Les incursions incessantes de Boko Haram dans les pays limitrophes du Nigeria, sont aujourd’hui source de réelles inquiétudes. Ce brusque changement de stratégie d’une organisation aux accents terroristes, fait que se multiplient les rencontres au sommet, les réunions de crise au niveau des ministres africains chargés de la Défense ou de la Sécurité, et les concertations entre  chefs d’état-major des armées.

 

Boko Haram aspire à s’installer dans des zones frontalières

 

Après les enlèvements et l’occupation de plusieurs villes et villages, voilà que Boko Haram cherche à s’étendre. Ce changement de stratégie se manifeste aussi par des incursions périodiques dans les pays voisins du Nigeria. Le Cameroun, le Niger et même le Tchad, se trouvent ainsi dans la ligne de mire de l’organisation terroriste. Au-delà de l’occupation de pans entiers du territoire fédéral nigérian, Boko Haram aspire à s’installer dans des zones frontalières. L’on peut comprendre pourquoi le président nigérian a entrepris de rencontrer certains de ses pairs du voisinage immédiat du Nigeria. Un vrai appel au secours, qu’on n’a point besoin de dissimuler à l’étape actuelle de la lutte.
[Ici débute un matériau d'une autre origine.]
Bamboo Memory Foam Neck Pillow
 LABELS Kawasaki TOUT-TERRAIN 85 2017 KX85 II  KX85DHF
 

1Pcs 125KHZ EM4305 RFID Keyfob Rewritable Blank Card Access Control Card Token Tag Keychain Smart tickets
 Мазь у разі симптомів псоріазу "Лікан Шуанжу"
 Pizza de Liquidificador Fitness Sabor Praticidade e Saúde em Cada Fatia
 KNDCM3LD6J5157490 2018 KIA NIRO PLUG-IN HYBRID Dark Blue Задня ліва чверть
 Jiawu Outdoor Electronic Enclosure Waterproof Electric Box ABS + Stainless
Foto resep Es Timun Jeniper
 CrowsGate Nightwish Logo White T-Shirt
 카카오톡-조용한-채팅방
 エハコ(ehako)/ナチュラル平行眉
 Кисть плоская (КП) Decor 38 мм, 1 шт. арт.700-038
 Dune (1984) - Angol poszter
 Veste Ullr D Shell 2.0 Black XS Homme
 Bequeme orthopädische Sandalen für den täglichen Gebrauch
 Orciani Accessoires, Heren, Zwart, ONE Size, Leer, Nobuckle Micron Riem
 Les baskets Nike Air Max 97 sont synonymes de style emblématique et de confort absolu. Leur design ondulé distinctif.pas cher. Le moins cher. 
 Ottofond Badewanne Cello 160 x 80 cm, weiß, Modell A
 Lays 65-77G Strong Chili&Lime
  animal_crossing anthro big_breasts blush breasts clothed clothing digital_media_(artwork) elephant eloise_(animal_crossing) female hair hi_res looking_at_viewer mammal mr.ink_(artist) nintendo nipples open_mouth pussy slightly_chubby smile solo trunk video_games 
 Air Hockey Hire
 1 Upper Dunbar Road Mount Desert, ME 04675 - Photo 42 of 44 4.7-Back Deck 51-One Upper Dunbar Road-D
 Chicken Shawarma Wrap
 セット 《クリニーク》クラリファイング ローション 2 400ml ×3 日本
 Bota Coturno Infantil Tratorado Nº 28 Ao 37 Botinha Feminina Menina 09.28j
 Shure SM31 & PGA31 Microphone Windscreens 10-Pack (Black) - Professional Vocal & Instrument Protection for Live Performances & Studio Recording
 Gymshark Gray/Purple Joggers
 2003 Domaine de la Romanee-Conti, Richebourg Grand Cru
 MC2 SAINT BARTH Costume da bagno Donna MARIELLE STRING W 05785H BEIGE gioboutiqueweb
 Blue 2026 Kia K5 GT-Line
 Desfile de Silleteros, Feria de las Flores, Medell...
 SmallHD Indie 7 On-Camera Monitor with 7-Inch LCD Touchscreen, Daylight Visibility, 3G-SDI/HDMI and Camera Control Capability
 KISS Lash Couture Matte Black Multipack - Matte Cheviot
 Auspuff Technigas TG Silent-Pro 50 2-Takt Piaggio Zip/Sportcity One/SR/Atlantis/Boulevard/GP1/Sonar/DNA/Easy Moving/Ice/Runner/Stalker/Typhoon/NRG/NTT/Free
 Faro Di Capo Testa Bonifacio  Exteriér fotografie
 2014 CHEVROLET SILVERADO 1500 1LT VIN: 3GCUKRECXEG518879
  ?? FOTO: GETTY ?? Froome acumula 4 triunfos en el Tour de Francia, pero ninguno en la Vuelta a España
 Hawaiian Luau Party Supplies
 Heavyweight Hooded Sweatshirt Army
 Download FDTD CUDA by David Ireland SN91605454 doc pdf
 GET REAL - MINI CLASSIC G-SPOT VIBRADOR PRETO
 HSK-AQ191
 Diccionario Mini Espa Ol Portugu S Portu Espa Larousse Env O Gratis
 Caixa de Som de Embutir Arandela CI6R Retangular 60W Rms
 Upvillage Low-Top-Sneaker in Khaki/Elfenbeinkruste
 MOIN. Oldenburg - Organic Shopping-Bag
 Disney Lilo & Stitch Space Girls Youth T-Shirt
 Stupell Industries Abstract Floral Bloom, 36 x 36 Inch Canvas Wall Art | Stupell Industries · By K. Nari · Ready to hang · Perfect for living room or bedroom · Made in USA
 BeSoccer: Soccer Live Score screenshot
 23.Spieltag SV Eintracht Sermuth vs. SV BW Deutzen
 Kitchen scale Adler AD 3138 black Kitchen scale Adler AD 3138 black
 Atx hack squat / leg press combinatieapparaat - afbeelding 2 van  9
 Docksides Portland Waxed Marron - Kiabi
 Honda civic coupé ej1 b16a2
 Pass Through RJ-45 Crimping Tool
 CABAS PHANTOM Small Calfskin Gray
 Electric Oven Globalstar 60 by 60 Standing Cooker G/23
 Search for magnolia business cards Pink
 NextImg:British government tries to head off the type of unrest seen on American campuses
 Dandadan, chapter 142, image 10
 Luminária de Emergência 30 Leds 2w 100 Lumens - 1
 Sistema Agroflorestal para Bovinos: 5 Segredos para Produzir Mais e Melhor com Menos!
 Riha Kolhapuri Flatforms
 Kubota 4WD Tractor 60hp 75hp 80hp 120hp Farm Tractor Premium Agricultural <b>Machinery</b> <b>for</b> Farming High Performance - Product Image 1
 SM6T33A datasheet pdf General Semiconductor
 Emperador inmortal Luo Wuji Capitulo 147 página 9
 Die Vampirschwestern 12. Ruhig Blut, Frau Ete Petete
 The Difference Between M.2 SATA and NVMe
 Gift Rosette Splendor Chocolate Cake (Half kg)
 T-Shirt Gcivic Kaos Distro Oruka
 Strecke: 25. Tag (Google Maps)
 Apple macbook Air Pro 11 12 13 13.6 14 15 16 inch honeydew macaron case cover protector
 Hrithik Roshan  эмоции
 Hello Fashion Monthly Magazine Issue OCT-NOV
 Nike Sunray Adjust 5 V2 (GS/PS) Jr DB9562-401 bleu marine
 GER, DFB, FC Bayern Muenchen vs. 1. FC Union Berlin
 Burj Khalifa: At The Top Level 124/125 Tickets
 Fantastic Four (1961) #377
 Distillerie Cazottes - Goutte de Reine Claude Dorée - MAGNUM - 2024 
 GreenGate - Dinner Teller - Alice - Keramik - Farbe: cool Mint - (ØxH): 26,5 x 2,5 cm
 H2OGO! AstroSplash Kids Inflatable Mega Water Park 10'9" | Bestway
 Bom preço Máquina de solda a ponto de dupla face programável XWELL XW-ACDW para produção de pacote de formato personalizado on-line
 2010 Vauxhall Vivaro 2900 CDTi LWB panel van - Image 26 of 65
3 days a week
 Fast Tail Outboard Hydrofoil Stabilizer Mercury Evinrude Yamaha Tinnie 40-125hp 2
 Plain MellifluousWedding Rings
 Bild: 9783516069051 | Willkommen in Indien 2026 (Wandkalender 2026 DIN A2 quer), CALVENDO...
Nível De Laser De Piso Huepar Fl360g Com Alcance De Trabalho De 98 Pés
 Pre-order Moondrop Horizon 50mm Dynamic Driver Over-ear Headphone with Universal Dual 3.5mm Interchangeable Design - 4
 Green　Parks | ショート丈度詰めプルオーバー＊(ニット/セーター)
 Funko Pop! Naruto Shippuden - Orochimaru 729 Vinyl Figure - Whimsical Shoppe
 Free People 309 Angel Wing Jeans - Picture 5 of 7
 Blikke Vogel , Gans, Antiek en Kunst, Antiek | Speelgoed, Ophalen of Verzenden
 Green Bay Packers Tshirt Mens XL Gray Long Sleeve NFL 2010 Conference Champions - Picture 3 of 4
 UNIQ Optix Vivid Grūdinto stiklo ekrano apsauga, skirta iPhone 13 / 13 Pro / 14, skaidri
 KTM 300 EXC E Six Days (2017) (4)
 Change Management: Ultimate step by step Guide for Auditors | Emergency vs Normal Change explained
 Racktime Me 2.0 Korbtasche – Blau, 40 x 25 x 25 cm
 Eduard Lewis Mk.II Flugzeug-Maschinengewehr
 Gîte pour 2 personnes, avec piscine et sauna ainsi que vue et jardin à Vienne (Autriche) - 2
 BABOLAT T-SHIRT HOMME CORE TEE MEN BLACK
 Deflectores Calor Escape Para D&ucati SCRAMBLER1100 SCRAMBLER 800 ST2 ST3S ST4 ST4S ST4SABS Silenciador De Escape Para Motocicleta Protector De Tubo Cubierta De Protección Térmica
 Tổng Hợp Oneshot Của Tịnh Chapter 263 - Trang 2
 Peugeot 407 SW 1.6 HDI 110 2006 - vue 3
Ces derniers temps, Goodluck Jonathan a échangé avec Idriss Déby Etno du Tchad. Sans doute, afin de pouvoir bénéficier du soutien de l’armée tchadienne dont l’efficacité est légendaire sur le continent. Jusque-là, le chef de l’Etat nigérian a surtout bénéficié de l’appui du voisin Paul Biya. Un soutien consécutif aux concertations de Paris, sur fond de médiation française. Entrée sur le tard en action, l’armée camerounaise a fait des prouesses. Elle dit avoir plusieurs fois mis en déroute des éléments de Boko Haram qui s’étaient infiltrés à l’intérieur du Cameroun.

Les sollicitations de Goodluck Jonathan prennent sans doute en compte les mésaventures de son armée. Boko Haram semble avancer sans coup férir. A chacun de ses mouvements, l’on enregistre de nombreuses désertions de soldats nigérians. De quoi s’interroger sur la nature réelle de l’armée nigériane aujourd’hui. Est-ce la même armée qui, par le passé, avait fait les beaux jours de l’Ecomog aux temps sombres des guerres civiles en Afrique de l’Ouest ? Comment le « Great Nigeria » est-il devenu subitement un colosse aux pieds d’argile ? En tout cas, il semble avoir rejoint le peloton des pays africains qui s’occupent si peu de leur armée qu’elle est devenue une véritable coquille vide.

Les débâcles de l’armée nigériane face à Boko Haram, témoignent de l’état de déconfiture et de la capitulation des armées africaines face à l’ennemi. Presque toujours, à l’outrecuidance de mouvements de rébellion, répond malheureusement l’indolence de dirigeants militaires peu patriotes et incompétents. Habitués des salons feutrés, la plupart d’entre eux ont oublié que le métier des armes n’est franchement pas de tout repos. Exigeant, il l’est. Et il n’est pas donné à tout le monde d’y venir. Il faut éviter de confier la défense de nos territoires à un ramassis de pleutres dont le manque évident de savoir-faire, se remarque au premier choc avec des caïds. Le risque est grand de les voir transmettre leur couardise et leurs irresponsabilités aux jeunes soldats. En cela, les reculades de l’armée nigériane, censée être l’une des mieux équipées et des plus solides d’Afrique, achèvent de convaincre qu’il ne faut pas toujours se fier à ceux qui sont chargés de défendre les populations civiles. Boko Haram qui le sait, montre chaque jour un peu plus les dents, et tente de grignoter du territoire.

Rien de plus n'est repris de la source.